It's only one day into the weekend, but I wouldn't be surprised if HEALTH walk with this year's Weirdest Band at Bumbershoot honors, an always coveted title, and one that the fest allows by every year booking at least a couple truly odd acts amidst all the family-friendly folk rock. IT was a HEALTH show: the lanky Asian dude flopped around with a mic hooked up to effects pedals, the drummer rolled out pounding tribal beats, the guitars sounded like shuddering smears of multi-colored feedback, the band went from gentle drones to outbursts of punk thrash to weird, moody grooves, and it was all loud and all good. Cool dads hung out with their mohawked kids in what used to be the Fun Forest, underneath the trippiest building at the Center.
Passing by the same stage, later in the day, a 30-second review of This Providence: Those are some real, real pretty-boys; the song I heard kinda sound like Saves the Day doing a ballad.
The child in the red pants and the blue shirt spazzing out on the lawn to Balkan Beat Box wins the award for best dance moves of the day (sorry, hippie twirler brigade).

The Raveonettes do one thing—J&MC-style feedback pop—but damn do they do it pretty much perfectly. "Last Dance" sounded fucking fantastic. I need to spend some more time with their last album.

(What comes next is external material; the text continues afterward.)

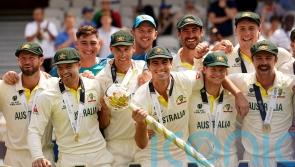 Pat Cummins targets ‘legacy-defining’ Ashes success after Australia’s WTC win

I could only take about three songs of Bob Dylan. There, now I've checked him off my list. I can tell the kids I never have that I saw the man. They'll love that story. Dylan's band sounded just fine, the way you'd expect a really solid Nashville session band to sound, and Dylan sounded fine playing the organ, but—DUH—his voice, never really the thing to recommend him, is all but fucking shot. He sounded like your ornery grandfather who just had a stroke, yelling at you about God knows what. He makes Tom Waits, Cookie Monster, and Diane Rehms all sound like that thing where you make your computer speak. You could not do an impression of him that sounded sadder and weirder and funnier than he actually sounded. His records remain indelible, of course, but In the year 2010, the Raveonettes are a better show than Bob Dylan.